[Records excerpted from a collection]
══════════════════════════════

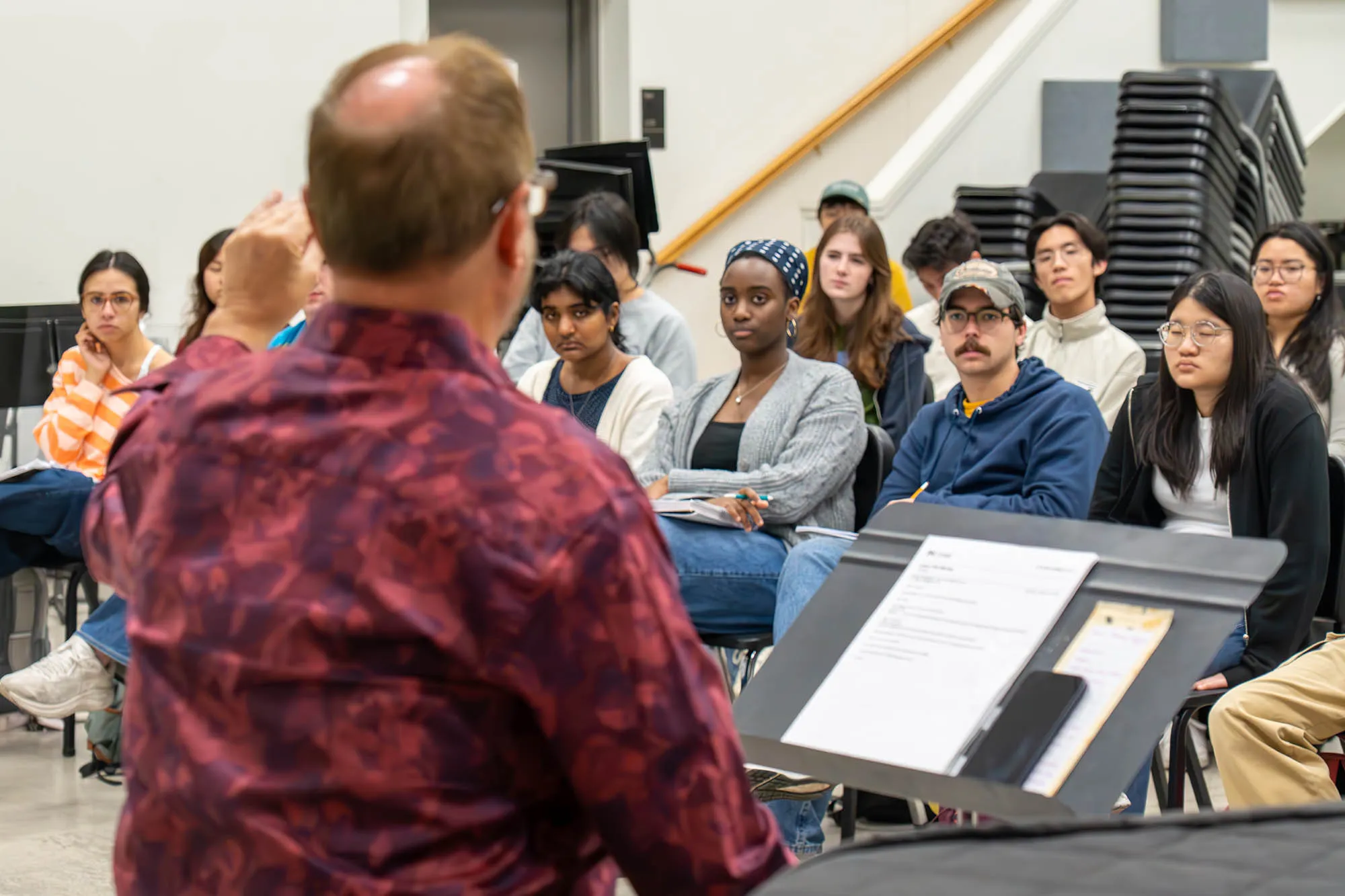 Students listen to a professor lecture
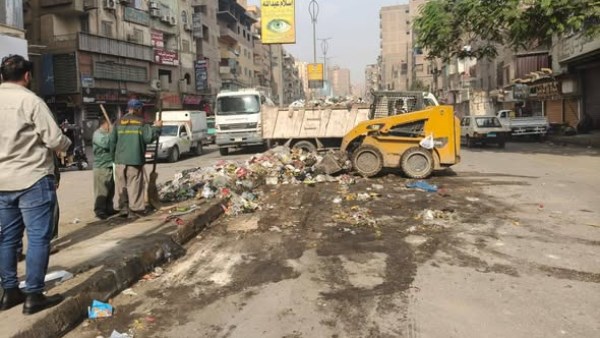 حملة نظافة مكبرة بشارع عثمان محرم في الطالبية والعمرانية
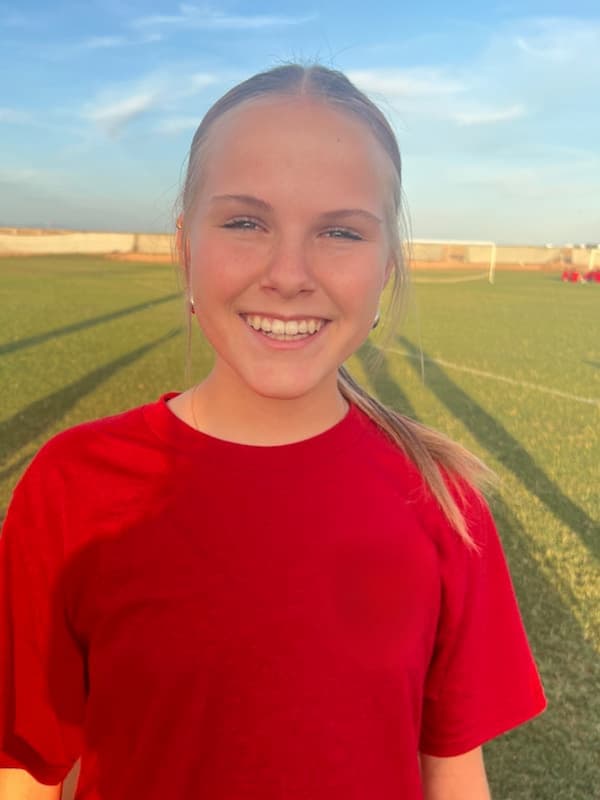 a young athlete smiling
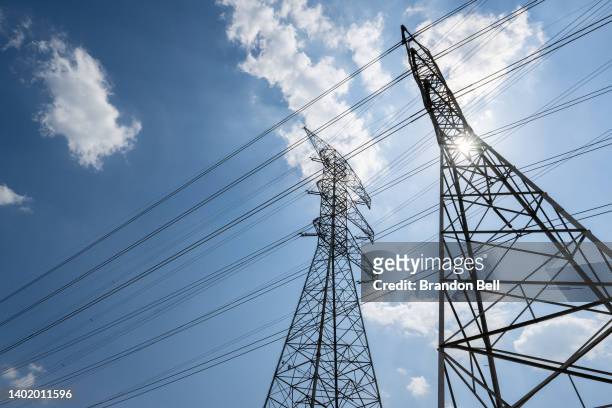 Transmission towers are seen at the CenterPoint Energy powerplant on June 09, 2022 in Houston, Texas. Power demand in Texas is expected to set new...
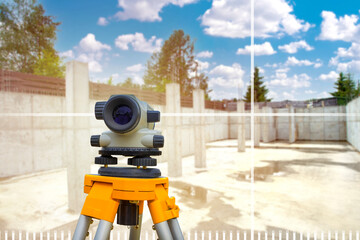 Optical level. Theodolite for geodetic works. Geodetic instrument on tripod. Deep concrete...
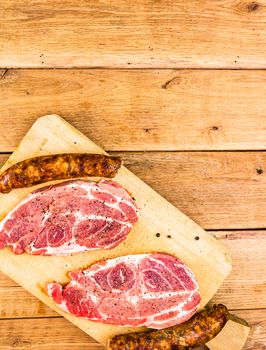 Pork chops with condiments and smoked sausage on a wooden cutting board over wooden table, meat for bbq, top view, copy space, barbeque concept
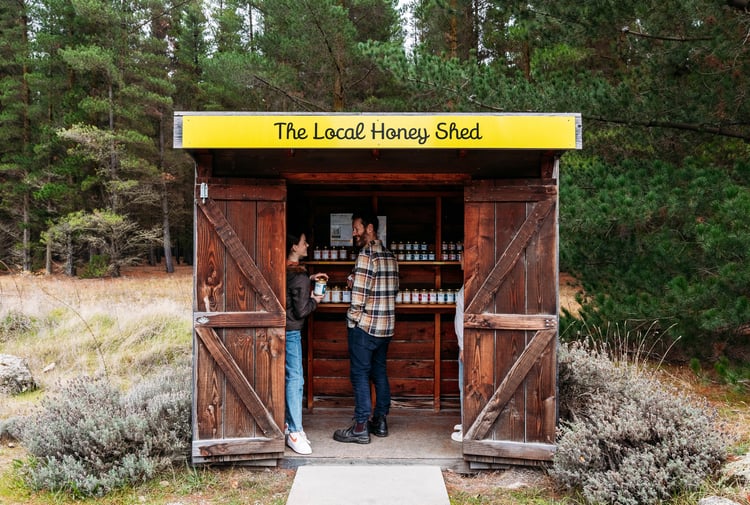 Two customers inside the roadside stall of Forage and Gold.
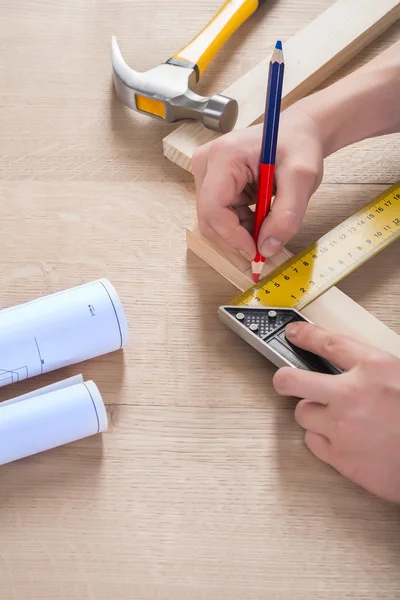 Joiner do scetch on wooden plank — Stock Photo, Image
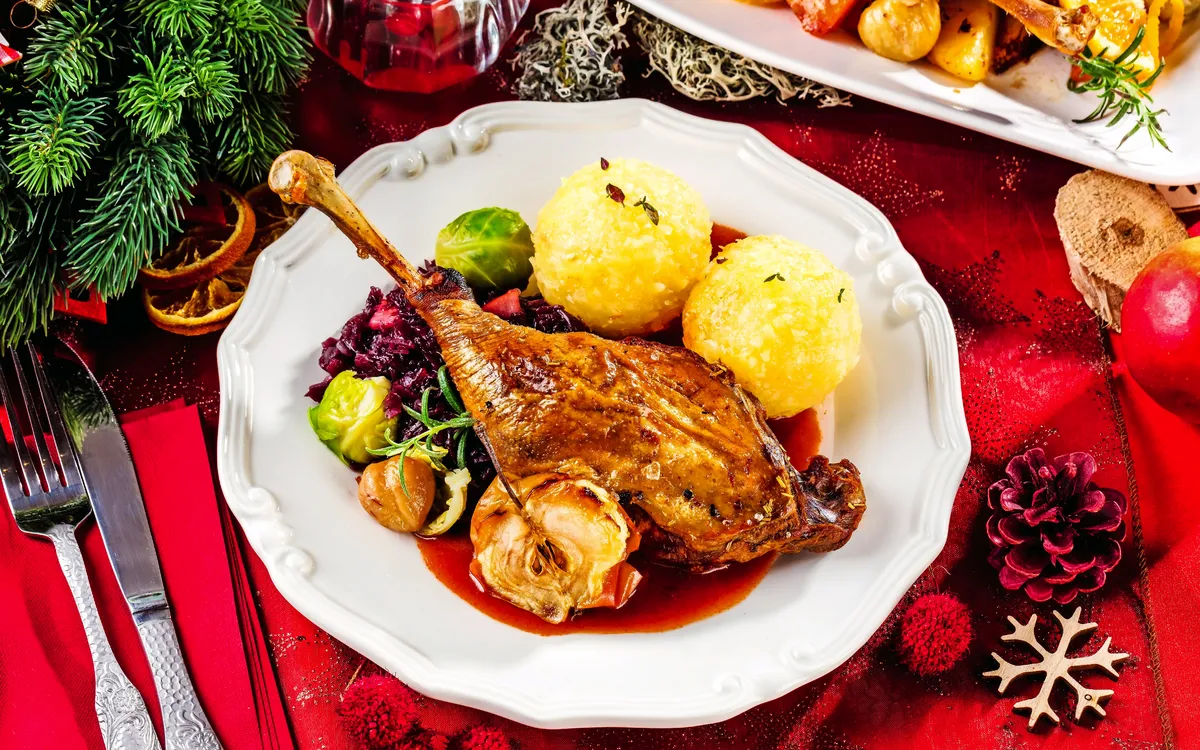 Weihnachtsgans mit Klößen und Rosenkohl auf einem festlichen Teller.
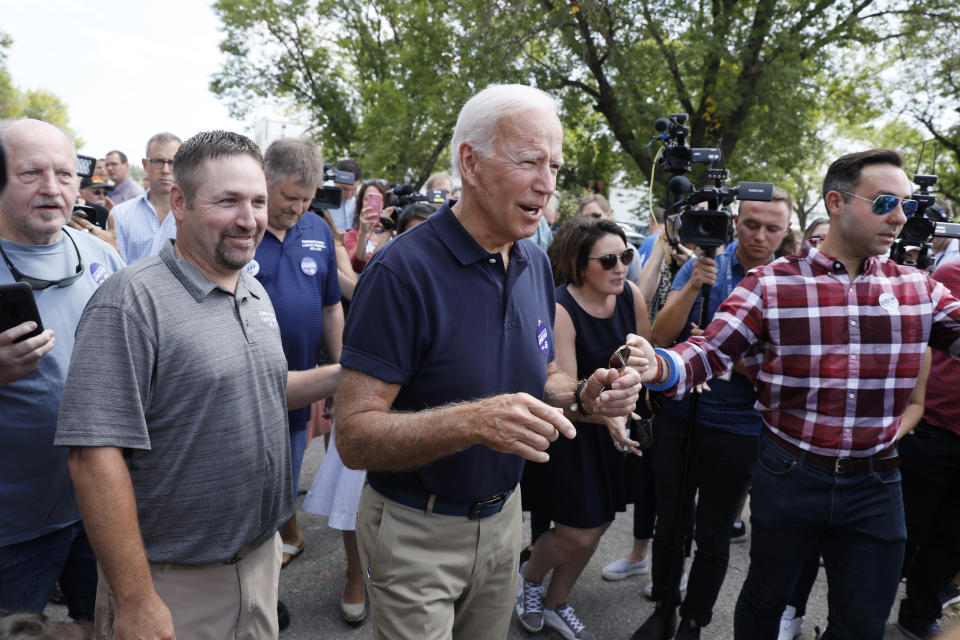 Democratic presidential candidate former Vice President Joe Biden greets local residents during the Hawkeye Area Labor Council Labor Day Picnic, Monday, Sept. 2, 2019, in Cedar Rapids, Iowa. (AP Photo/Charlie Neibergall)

══════════════════════════════

*EXERCISE INSTRUCTIONS*: All lines above from the one containing "Two customers inside" up to and including the one containing "Weihnachtsgans mit Klößen" are to be set down exactly, and nothing else. Leave images out.

*ANSWER BOX*:
 Two customers inside the roadside stall of Forage and Gold.
 Joiner do scetch on wooden plank — Stock Photo, Image
 Weihnachtsgans mit Klößen und Rosenkohl auf einem festlichen Teller.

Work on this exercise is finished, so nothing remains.